Medical Device Daily
Cook's (Bloomington, Indiana) new Miraflex microcather, designed especially to complement the company's existing embolization products, may just be the interventionalist's new best friend.
The microcather can essentially "navigate" all over the body — literally from head to toe — with the indicated use being in small vessels or in "super-selective" anatomy for diagnostics and interventional procedures, including neurological, peripheral or coronary vasculature.
The company last week reported FDA clearance of the device.
"As you might imagine, as technology has evolved, the technology for the major vessels — the aorta, the femoral artery — have been available for a number of years," Rob Lyles, global leader of Cook's peripheral intervention division, told Medical Device Daily. "And now physicians are getting good enough and demanding enough that they're getting farther into the periphery, if you will, into the visceral system within your organs, getting very far down into the leg, even into the toe."
The microcatheter also can be used in conjunction with Cook's other microcoil products to embolize vessels in the tongue, i.e., "vessels wherever they are and being able to apply a therapeutic . . . ," Lyles said.
The FDA cleared the device for market last year.
An embolization procedure stops blood flow to malformed or otherwise problematic blood vessels within a patient. Typically, embolic material is delivered precisely within the vessel to stop the bleeding from a damaged artery or blood flow to an aneurysm.
The embolic devices are delivered through the catheter with the tip lying in or near the vessel to be occluded. Such embolization procedures can be used to control bleeding in an injury or trauma situation, as well as used to stop blood flow to a tumor, which ultimately kills the tumor.

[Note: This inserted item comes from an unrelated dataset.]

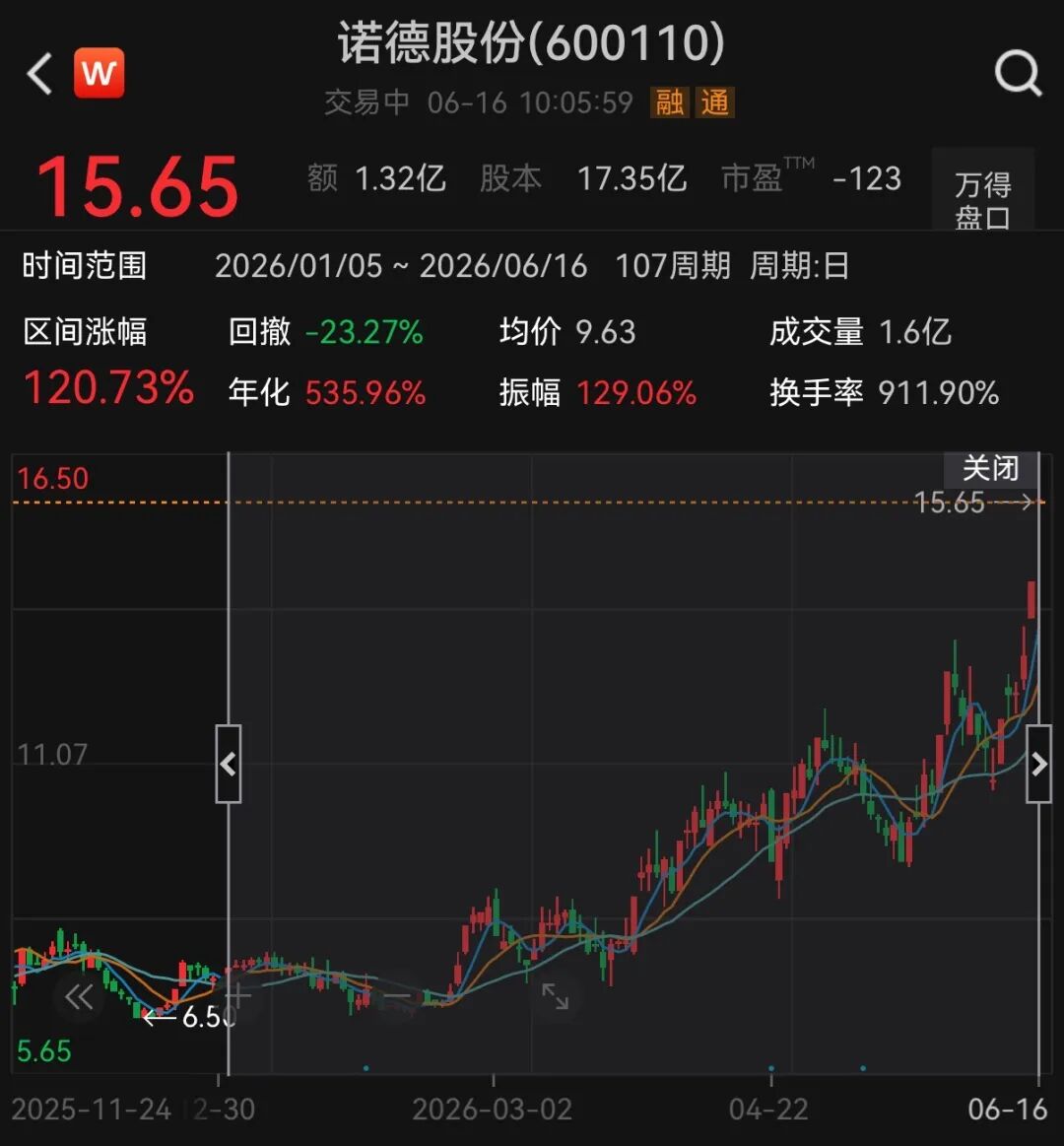 翻倍锂电牛股，一字涨停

According to Andrew Conder, senior global product manager at Cook, the "premise" behind any microcather is to be able to "give more pinpoint therapy, more targeted therapy . . ." in order to cause less necrosis, or killing of tissue. As physicians go farther into the body with catheters and treatment, the downside is that there may be more injury to tissue.
Conder said it's vital in a situation such as embolization in the liver to be "very, very selective" of the embolic used.

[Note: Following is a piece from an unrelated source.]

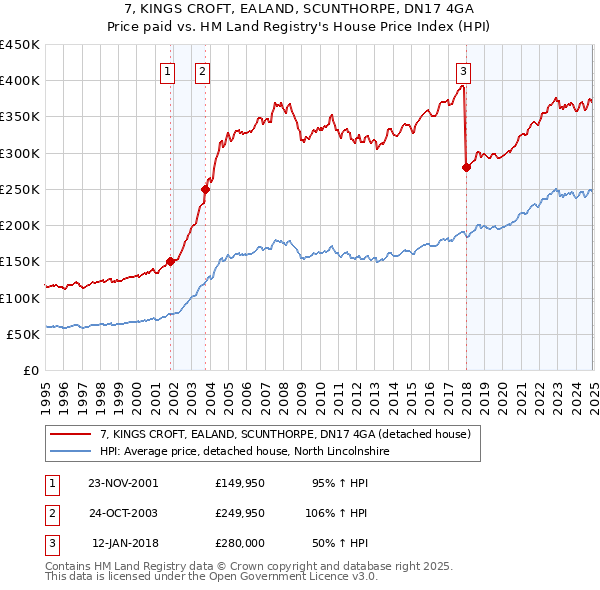 7, KINGS CROFT, EALAND, SCUNTHORPE, DN17 4GA: Price paid vs HM Land Registry's House Price Index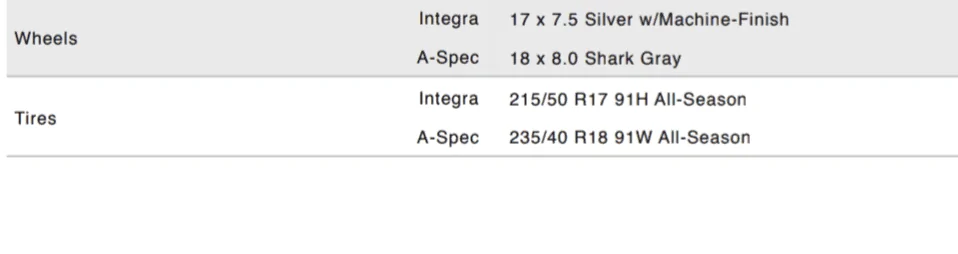 Acura Integra 18 inch wheel offset is +50mm Screenshot_20220605-234303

The MiraFlex catheter, which is .021 inches at its inner diameter, is designed for optimal coil delivery when it is used in combination with Cook's MicroNester and Tornado Microcoils, which are used to create occlusions.
The catheter is used with a needle guidewire catheter technique to enter the body, which involves going into an artery, such as the femoral artery in the groin area, where a needle is inserted. A wire is then inserted into the needle, over which a catheter can be inserted to follow the direction of the wire as it moves through the body. At that point, the microcoils would be inserted through the catheter to create an occlusion.
Because of its potential to journey long distances through the body, some catheters are quite long, Lyles said. Also because of the distance a microcather such as MiraFlex may need to travel, it is required to have certain characteristics, such as "pushability" and "kink-resistance."
Cook said that MiraFlex has a braided construction along the entire length of the catheter shaft to the radiopaque band. That helps to improve torque response and allows for "quicker vessel selection," it said. The braided design also contributes to the flexibility of the catheter — much the way there is braiding in a garden hose, Conder said — that gives the MiraFlex the ability to carry higher flow rates.
Each microcatheter is hydrophilic-coated, which Cook said reduces surface friction. The body of microcather is "stout" to offer "improved pushability and control" and leads to a "soft, flexible distal tip."
"Miraflex has further added to my collection of resources for treatment of post traumatic embolizations all the way to complex posterior epistaxis embolizations," said Awais Siddique, MD, chief endovascular interventional radiologist at the Aurora Sheboygan Medical Center, (Sheboygan, Wisconsin). "The catheter's flexible braided design, along with its unique five transitional zones, gives it great pushability and the highly visible tip design is needed for the most challenging and tortuous anatomy. Miraflex has one of the most durable hub designs which, in my opinion, makes it a much sturdier catheter."
Miraflex is approved for sale in the U.S., Australia, Canada, Singapore, India, Argentina, Brazil, Chile, Costa Rica, and El Salvador.